__EXTRACTED RECORDS__.
++++

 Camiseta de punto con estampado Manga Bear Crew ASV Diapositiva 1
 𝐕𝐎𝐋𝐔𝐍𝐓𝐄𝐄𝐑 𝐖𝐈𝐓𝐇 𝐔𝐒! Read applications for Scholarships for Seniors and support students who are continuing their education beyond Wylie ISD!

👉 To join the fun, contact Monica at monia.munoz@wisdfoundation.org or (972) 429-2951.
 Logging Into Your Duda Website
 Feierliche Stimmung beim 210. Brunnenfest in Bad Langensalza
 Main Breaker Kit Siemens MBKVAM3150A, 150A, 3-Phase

++++

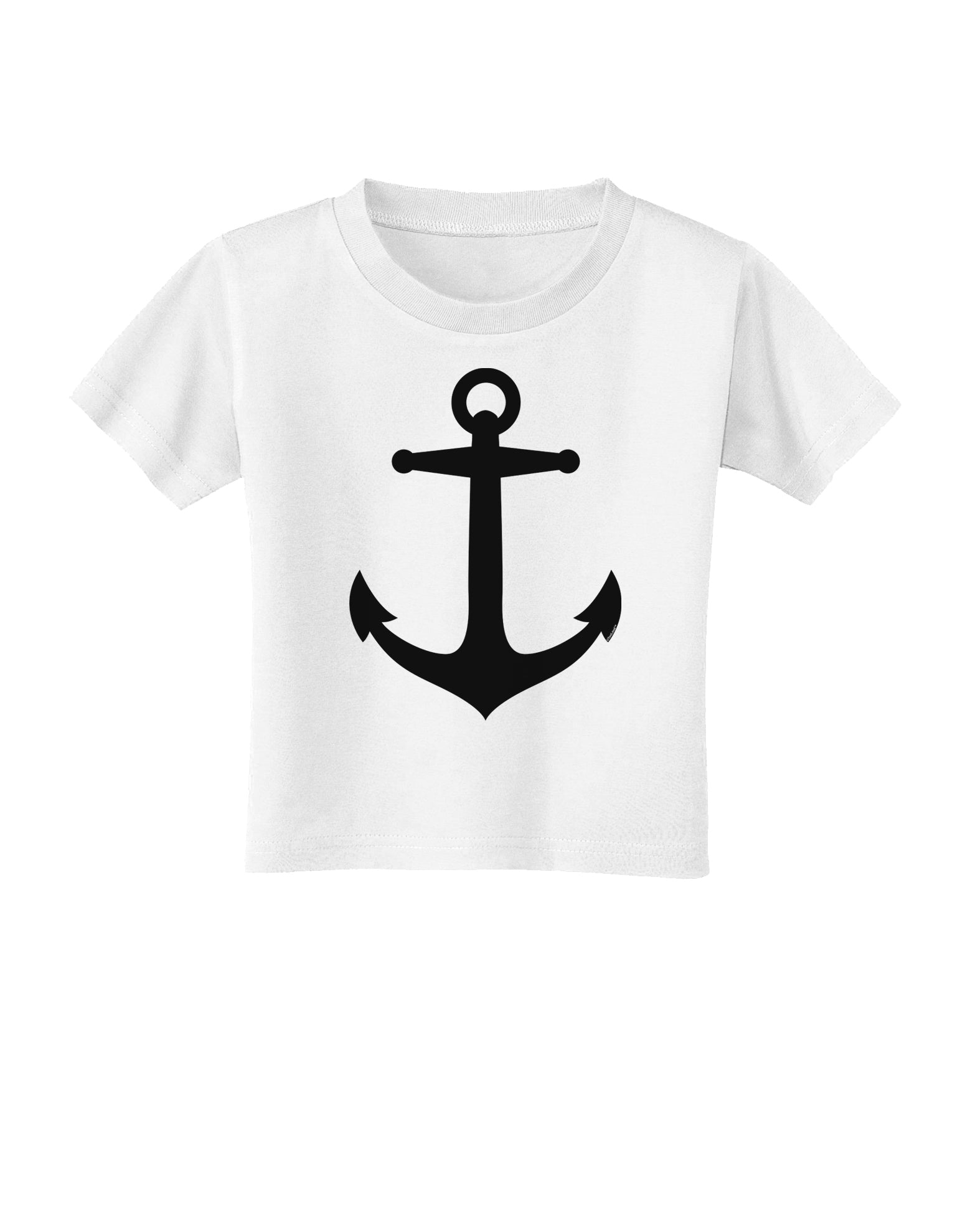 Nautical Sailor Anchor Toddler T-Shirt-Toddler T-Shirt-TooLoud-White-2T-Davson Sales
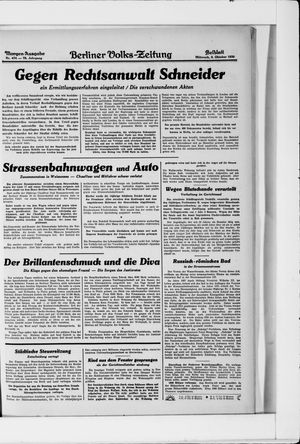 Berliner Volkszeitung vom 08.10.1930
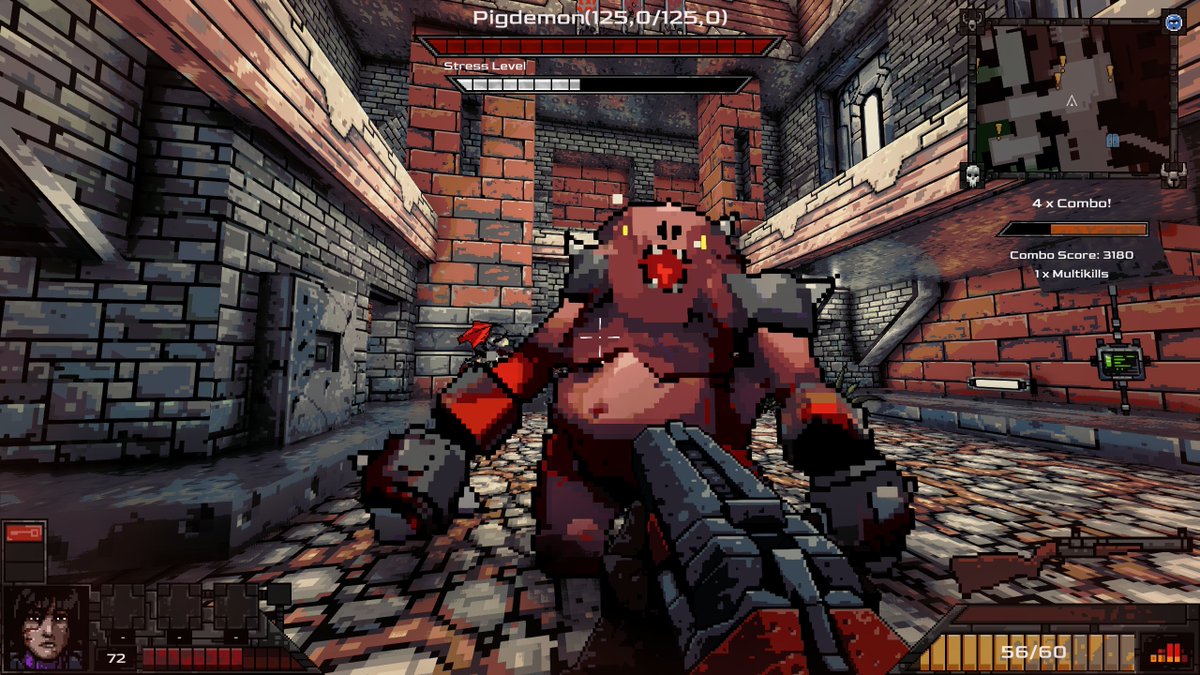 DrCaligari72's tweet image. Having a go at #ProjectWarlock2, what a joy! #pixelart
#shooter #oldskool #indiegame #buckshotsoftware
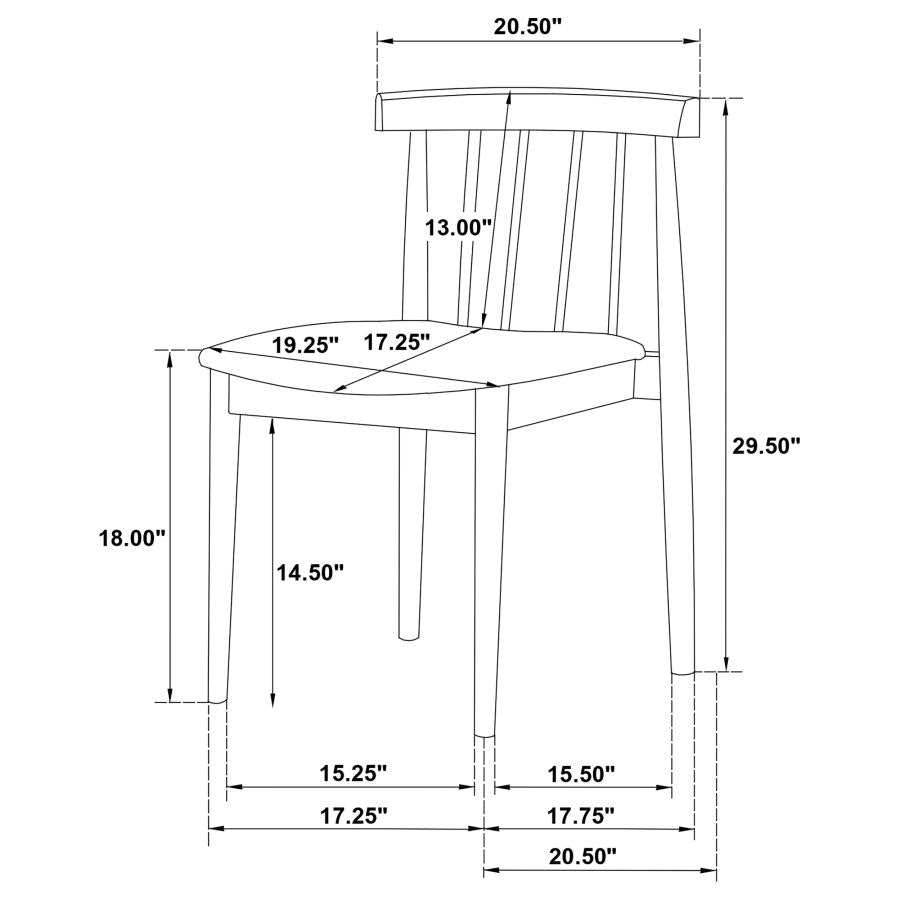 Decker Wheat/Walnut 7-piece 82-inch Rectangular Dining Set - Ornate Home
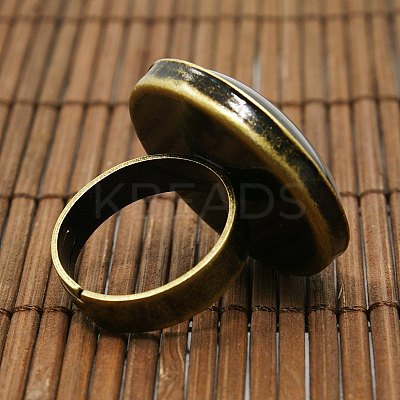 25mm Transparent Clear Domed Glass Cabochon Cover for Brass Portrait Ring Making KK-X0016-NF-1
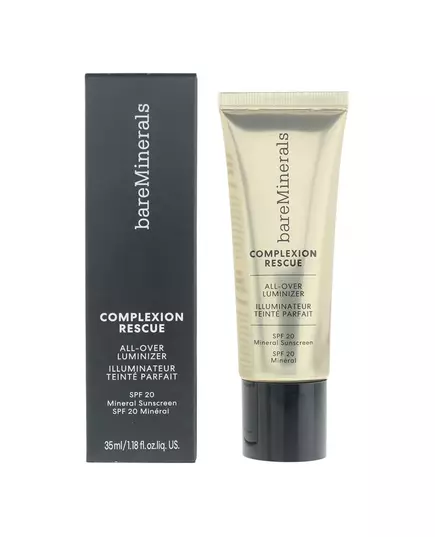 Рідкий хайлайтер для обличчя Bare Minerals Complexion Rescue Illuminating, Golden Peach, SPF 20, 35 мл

++++

The response must repeat exactly the lines above from the one with "Decker Wheat/Walnut 7-piece" through the one with "25mm Transparent Clear", including both, and must contain no pictures and no other text.

 Decker Wheat/Walnut 7-piece 82-inch Rectangular Dining Set - Ornate Home
 25mm Transparent Clear Domed Glass Cabochon Cover for Brass Portrait Ring Making KK-X0016-NF-1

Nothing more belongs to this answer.